Your task is to transcribe all the entries exactly, excluding pictures.

##### Records supplied #####

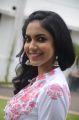 Actress Ritu Varma Photos @ Pellichoopulu Press Meet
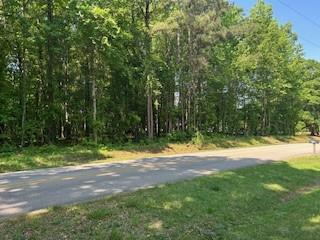 1 Tract 1 Ethridge Road Jefferson, GA 30549 - Photo 2 of 3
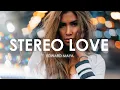 Download Lagu Edward Maya \u0026 Vika Jigulina - Stereo Love (Creative Ades Remix) [Exclusive Premiere]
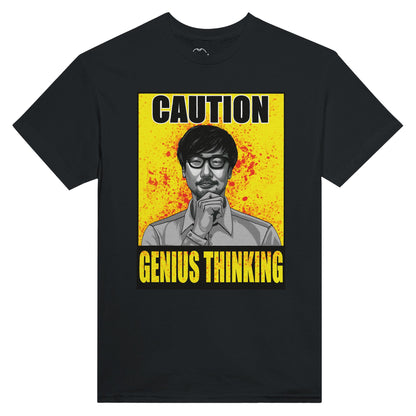 a032d73a-7d2f-4737-9ccc-6479d056a7de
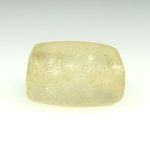 画像2: ジュンネ発掘古代水晶 (2)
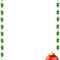 Christmas Border For Word Document – Calep.midnightpig.co Pertaining To Christmas Border Word Template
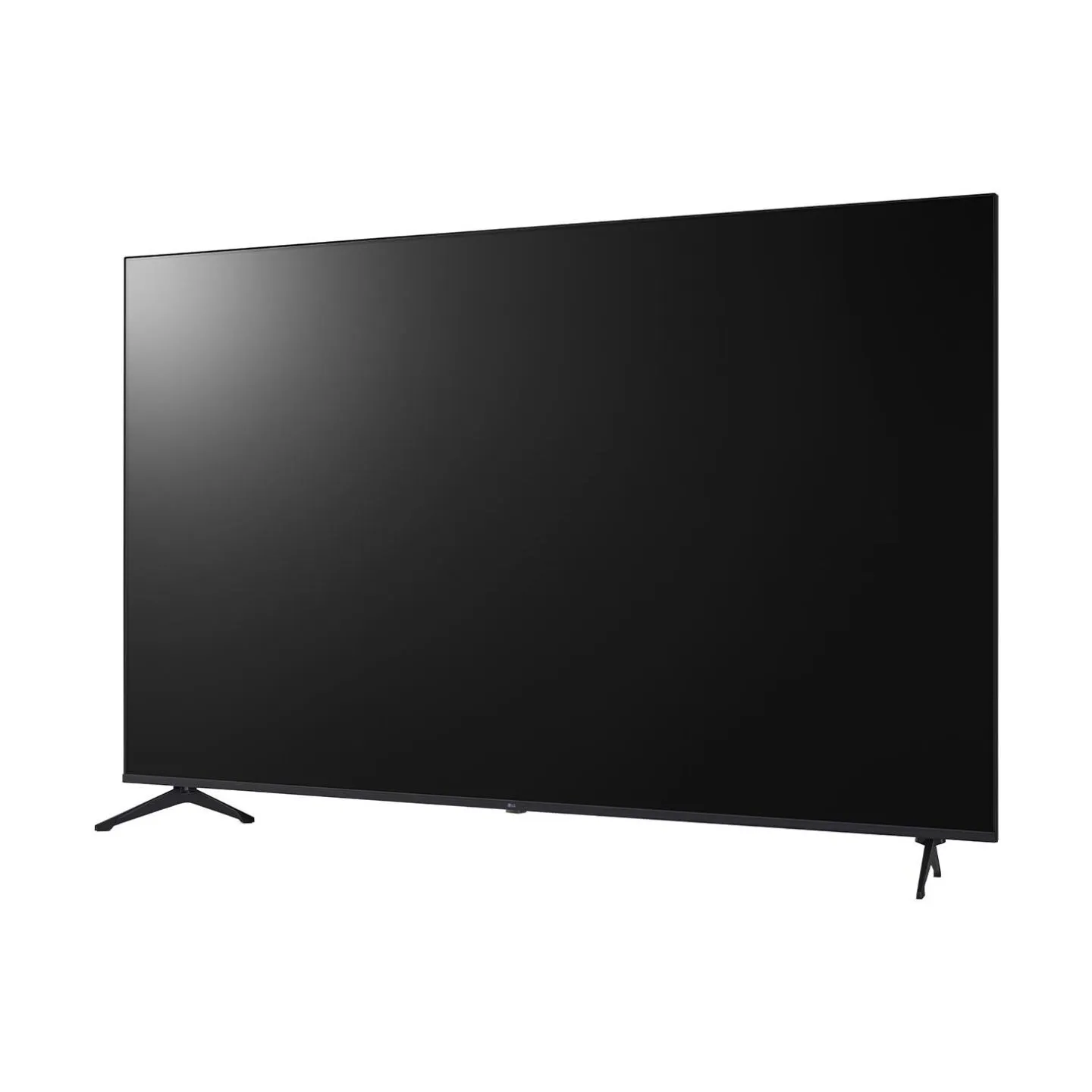 LG TV SET LCD 86" 4K/86UA751C LG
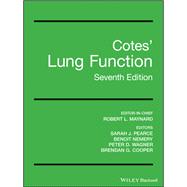 Lung Function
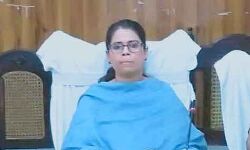 खेल मानसिक, शारीरिक अवस्थाओं के लिए प्रमुख अंग है- डीएम जसजीत खेल मानसिक, शारीरिक अवस्थाओं के लिए प्रमुख अंग है- डीएम जसजीत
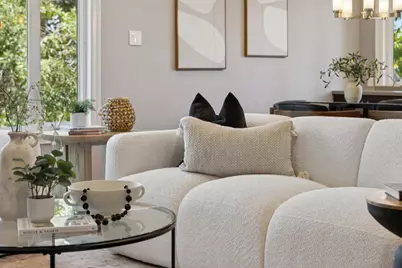 1085 Sunset Dr, San Carlos, CA 94070 - Photo 15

#####

_Result_:
 Actress Ritu Varma Photos @ Pellichoopulu Press Meet
 1 Tract 1 Ethridge Road Jefferson, GA 30549 - Photo 2 of 3
 Download Lagu Edward Maya \u0026 Vika Jigulina - Stereo Love (Creative Ades Remix) [Exclusive Premiere]
 a032d73a-7d2f-4737-9ccc-6479d056a7de
 画像2: ジュンネ発掘古代水晶 (2)
 Christmas Border For Word Document – Calep.midnightpig.co Pertaining To Christmas Border Word Template
 LG TV SET LCD 86" 4K/86UA751C LG
 Lung Function
 खेल मानसिक, शारीरिक अवस्थाओं के लिए प्रमुख अंग है- डीएम जसजीत खेल मानसिक, शारीरिक अवस्थाओं के लिए प्रमुख अंग है- डीएम जसजीत
 1085 Sunset Dr, San Carlos, CA 94070 - Photo 15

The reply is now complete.